1. A system for operating fire prevention devices comprising a plurality of fire prevention device operators each comprising an actuator coil adapted to be energized in response to the operation of a fire detector directly or through another operator that has already been operated, means for deenergizing said energized actuator coil and energizing an actuator coil in another operator upon the completion of the operation of said fire prevention device associated with said energized actuator coil, means for deenergizing said energized actuator coil and energizing the actuator coil in said other operator when said fire prevention device associated with said energized actuator coil fails to complete its operation within a predetermined time, and an indication device which intermittently operates in response to the operation of said fire detectors and which continuously operates when all of said fire prevention devices complete their operations, said indication device operable by means disposed in the respective fire prevention devices.

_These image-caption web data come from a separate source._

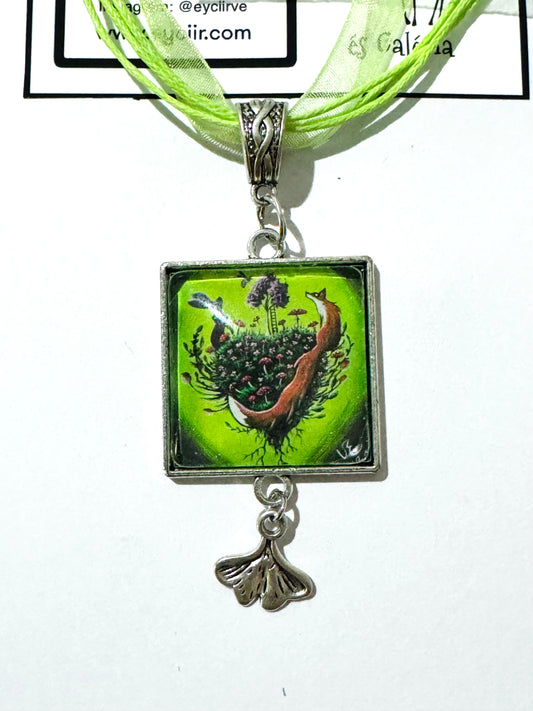 Square pendant with charm / Négyzetes medál charmmal, egyedi grafikával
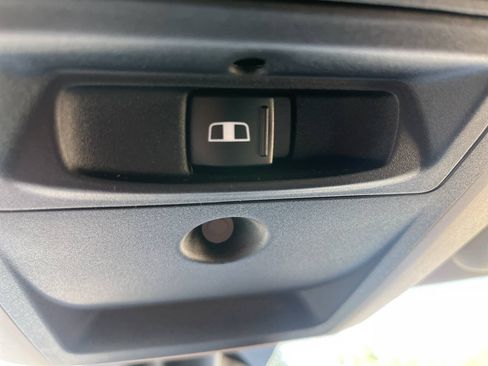 Used 2016 RAM 1500 Classic SLT AWD/4WD image 28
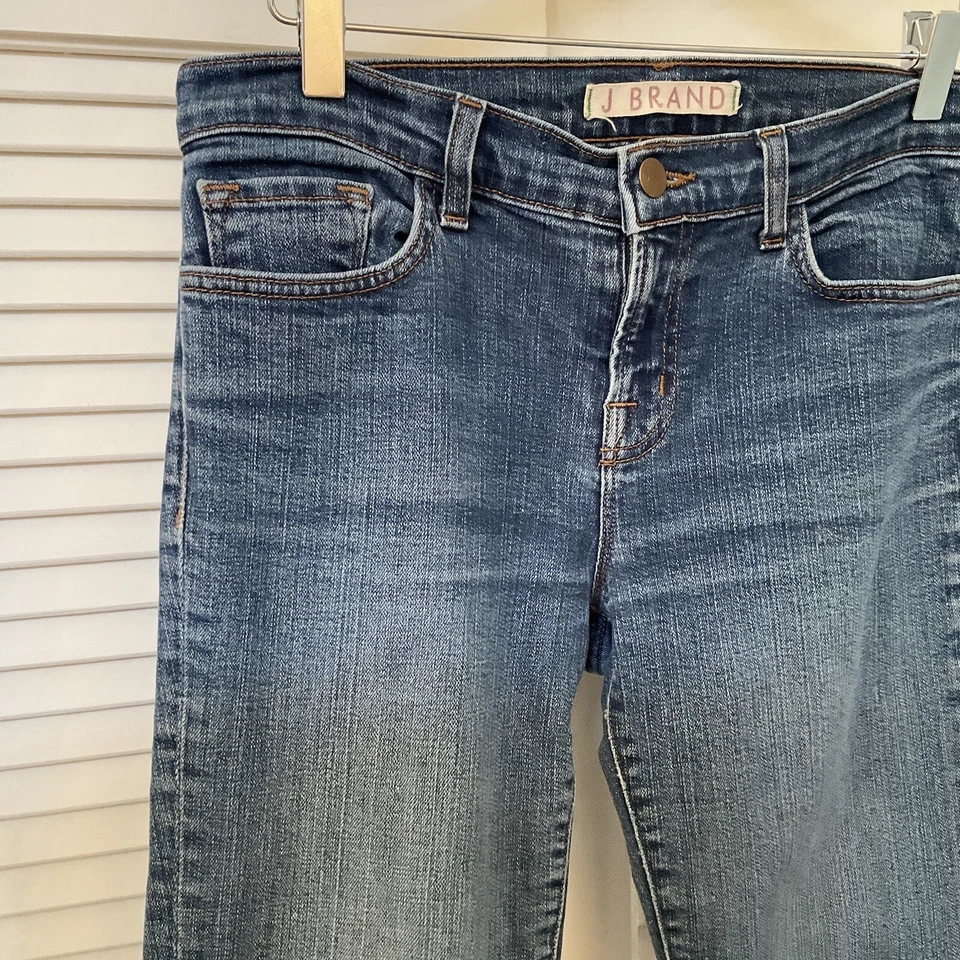 J Brand Women' Aruba Skinny Straight Jeans Blue Medium Wash Denim Raw Hem, Sz 29 - Image 3 of 4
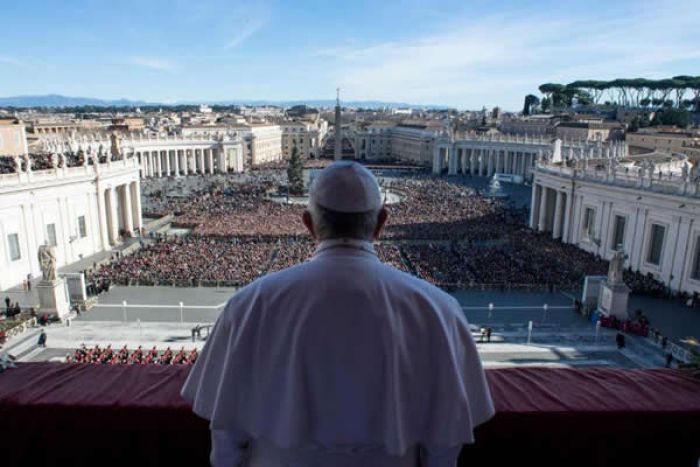 Vaticano investiga negócio de U$ 200 milhões entre cardeal e empresário angolano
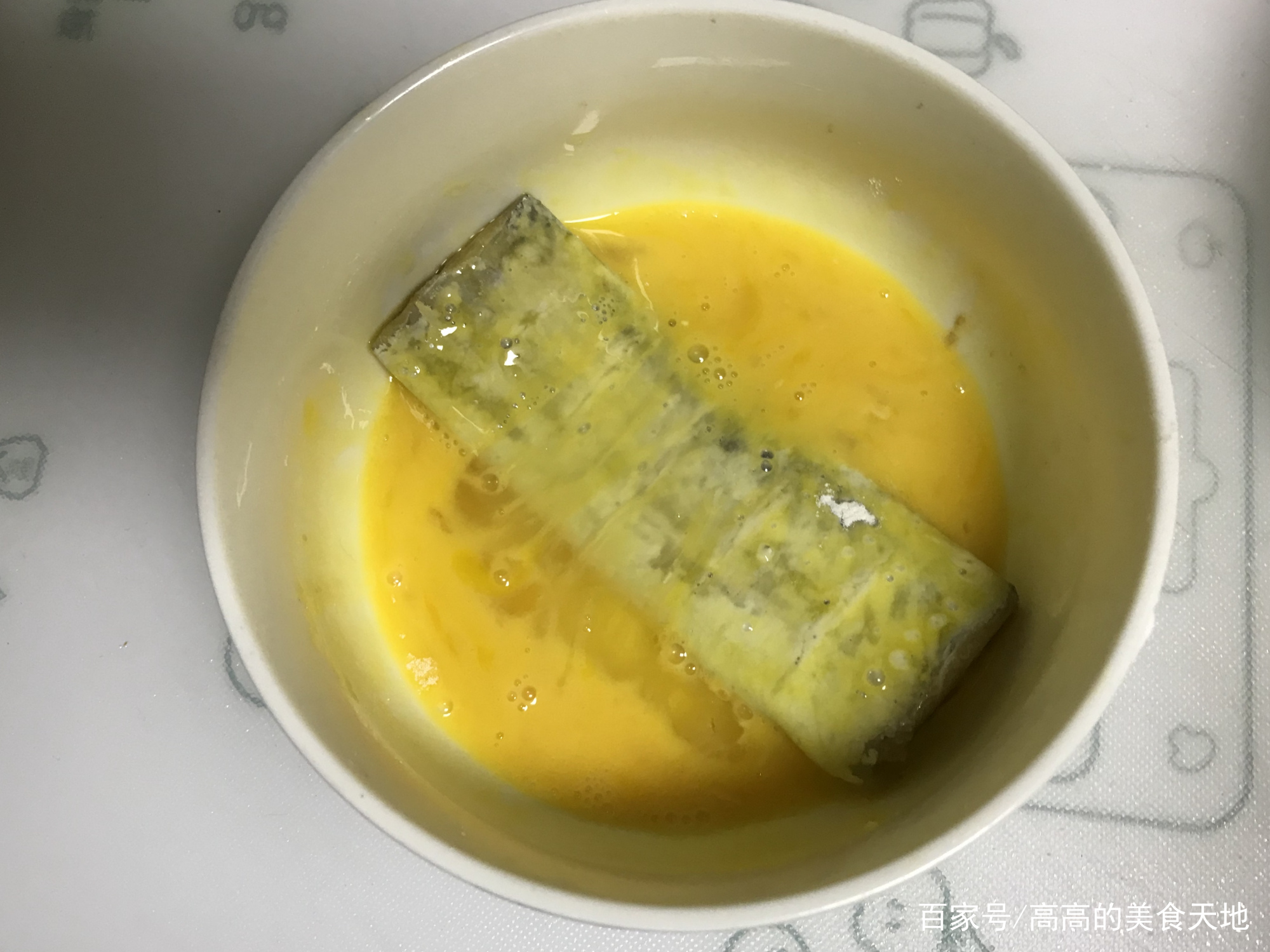 过年煎鱼要这样煎不沾锅不破皮,煎鱼不破皮不粘锅的方法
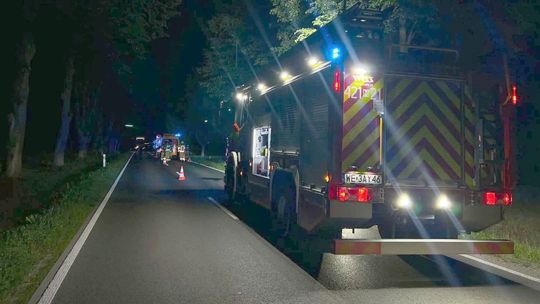 Nocna tragedia na drodze. Nie żyje 45-latek, który szedł środkiem drogi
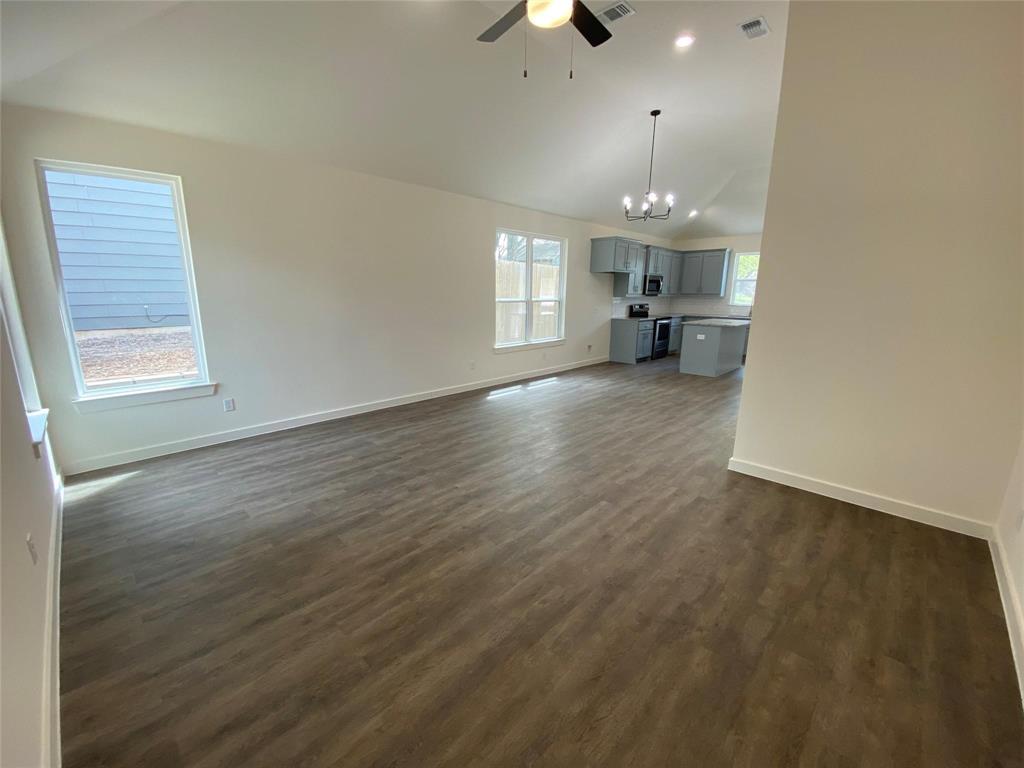 610 East Texas Street Denison, TX 75021 - Photo 2 of 14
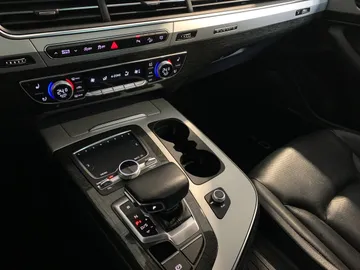 2019 Audi Q7 - image 23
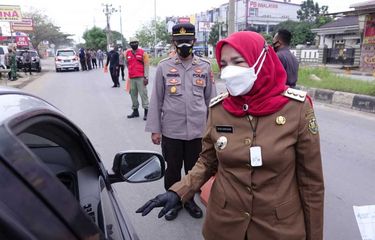 Wali Kota Bandar Lampung, Eva Dwiana saat sidak penyekatan di Posko Sukarame.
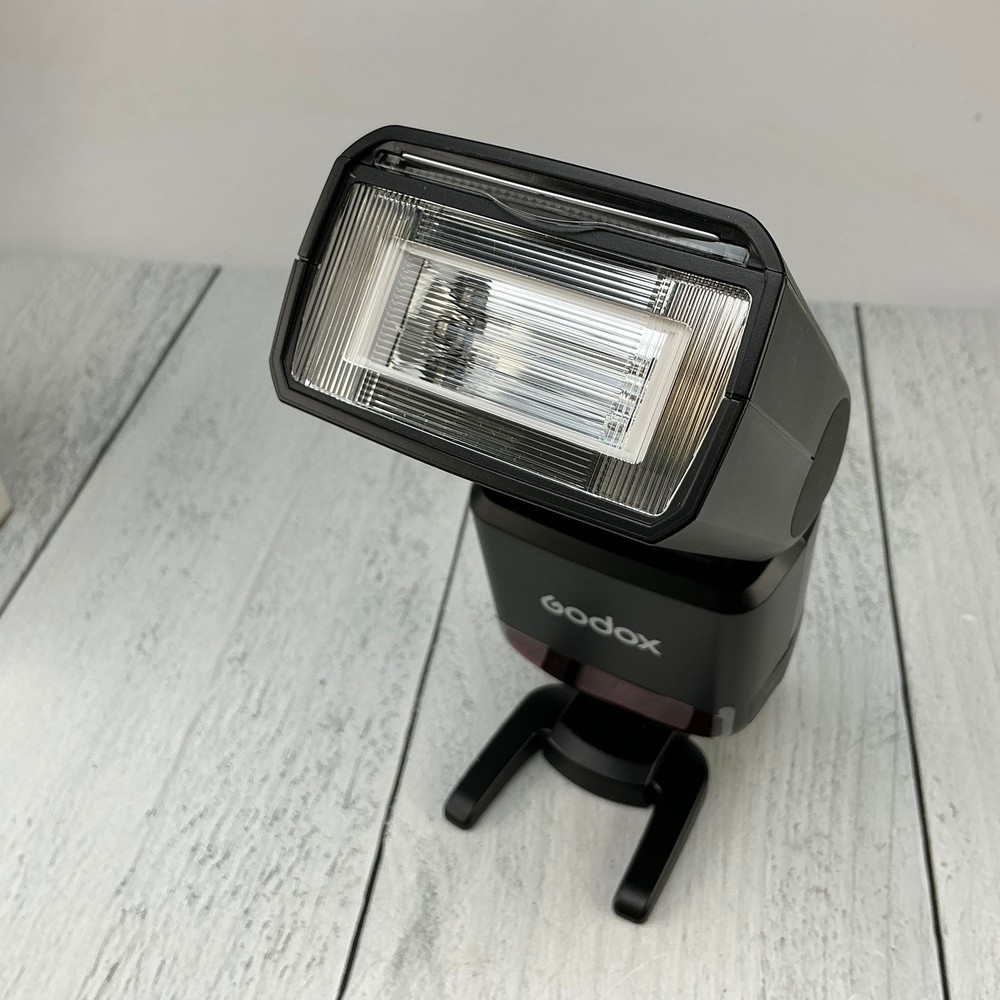 Godox TT520III Flash Box Used Good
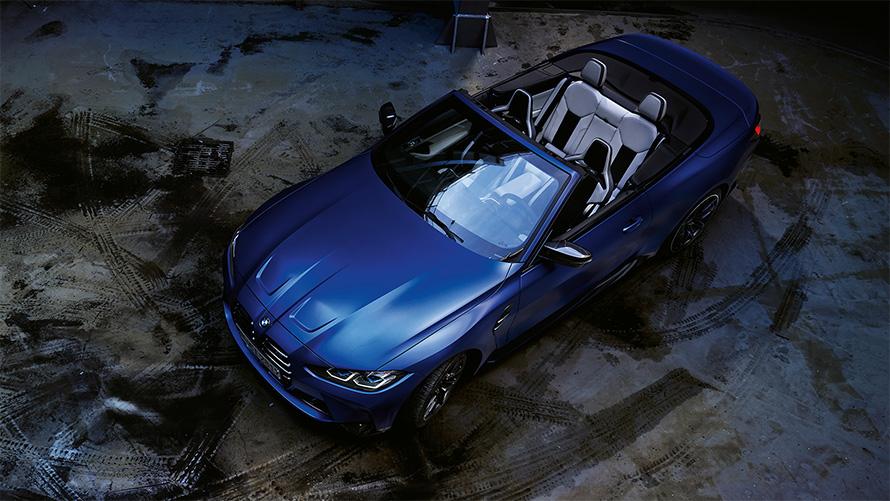 BMW M4 컴피티션 컨버터블, M xDrive G83 2021 BMW 인디비주얼 프로즌 포르티마오 블루 메탈릭 버즈 아이, 개방된 소프트탑 BMW M4 컴피티션 컨버터블, M xDrive G83 2021 BMW 인디비주얼 프로즌 포르티마오 블루 메탈릭 버즈 아이, 개방된 소프트탑
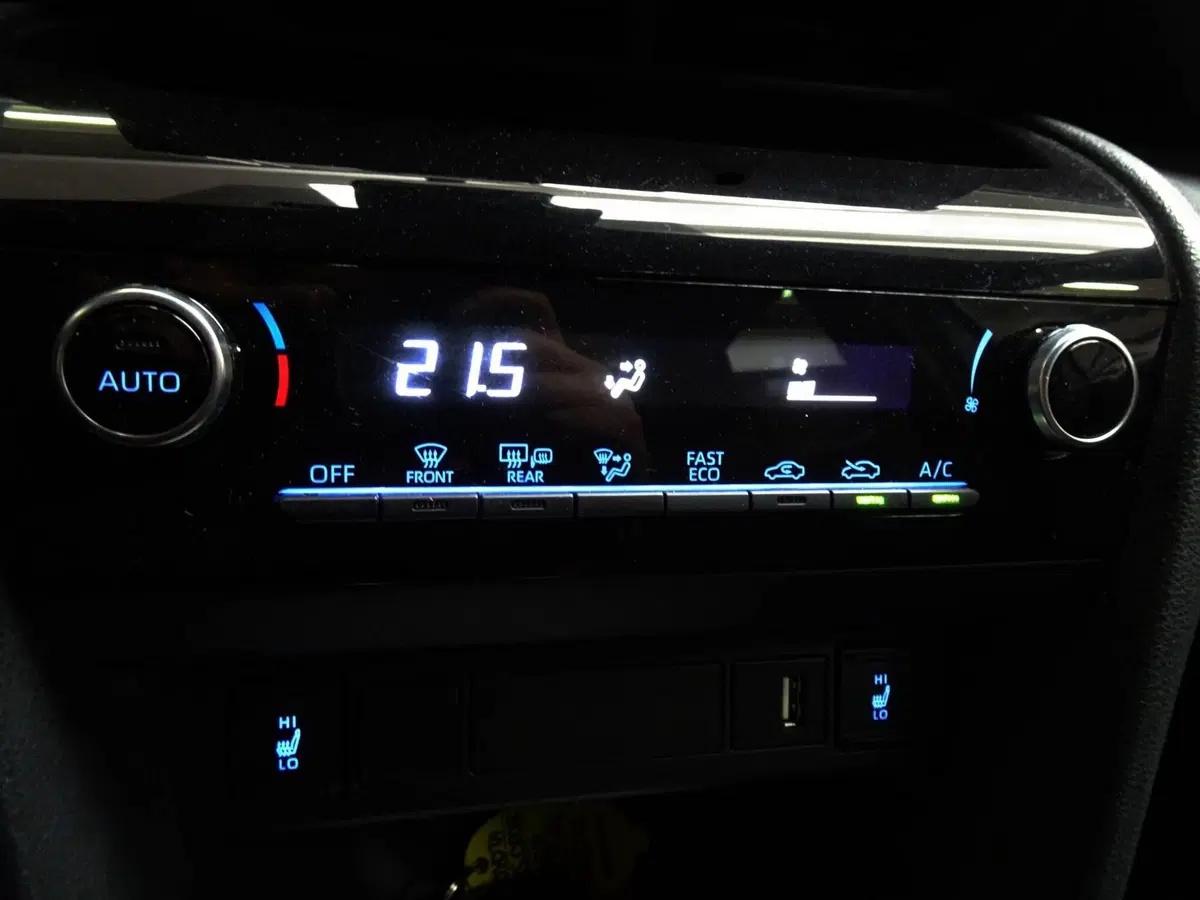 Toyota Yaris Cross usata a Treviso (17)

2. A system for operating fire prevention devices comprising a plurality of fire prevention device operators each comprising an actuator coil adapted to be energized in response to the operation of a fire detector directly or through another operator that has already been operated, means for deenergizing said energized actuator coil and energizing an actuator coil in another operator upon the completion of the operation of said fire prevention device associated with said energized actuator coil, means for deenergizing said energized actuator coil and energizing the actuator coil in said other operator when said fire prevention device associated with said energized actuator coil fails to complete its operation within a predetermined time, an indication device which intermittently operates in response to the operation of said fire detectors and which continuously operates when all of said fire prevention devices complete their operations, said indication device being an indication lamp connected to an electric source through a contact of a flicker relay operable in response to the operation of the fire detectors through a local relay and through a contact of a relay connected in parallel to said contact of said flicker relay and operable by series-connected limit switches each disposed in the respective fire prevention devices, said limit switches each including a contact adapted to be closed when said first prevention device completes its operation.